Postby mr.negativity » Thu Dec 06, 2018 6:20 pm

Deadline December 6, 2018:
‘Night Gallery’: Reimagining Of Rod Serling’s Anthology Series In Works At Syfy From Jeff Davis & David Janollari
Nellie Andreeva wrote:EXCLUSIVE: Another classic Rod Serling anthology series is getting a revival. In a competitive situation, Syfy has landed a re-imagination of Night Gallery, from Teen Wolf creator/executive producer Jeff Davis and Midnight, Texas executive producer David Janollari.
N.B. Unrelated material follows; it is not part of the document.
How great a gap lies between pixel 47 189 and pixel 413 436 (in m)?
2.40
Picked up for development, the project will be co-produced by Universal TV, where David Janollari Entertainment is based, and Universal Cable Prods.

Night Gallery, which ran on NBC from 1969-73 on NBC, was Sterling’s supernatural/horror follow-up to his sci-fi-themed anthology series The Twilight Zone. Serling was the host of Night Gallery, appearing in an art gallery setting to introduce each segment of an episode by unveiling a painting that illustrated the story (you can watch a promo below).

Serling, who also was one of the main writers on the series, is said to have handpicked then-21-year-old Steven Spielberg to direct a segment in the pilot episode, which he had written. The segment, which starred Hollywood icon Joan Crawford, marked Spielberg’s first professional directing job.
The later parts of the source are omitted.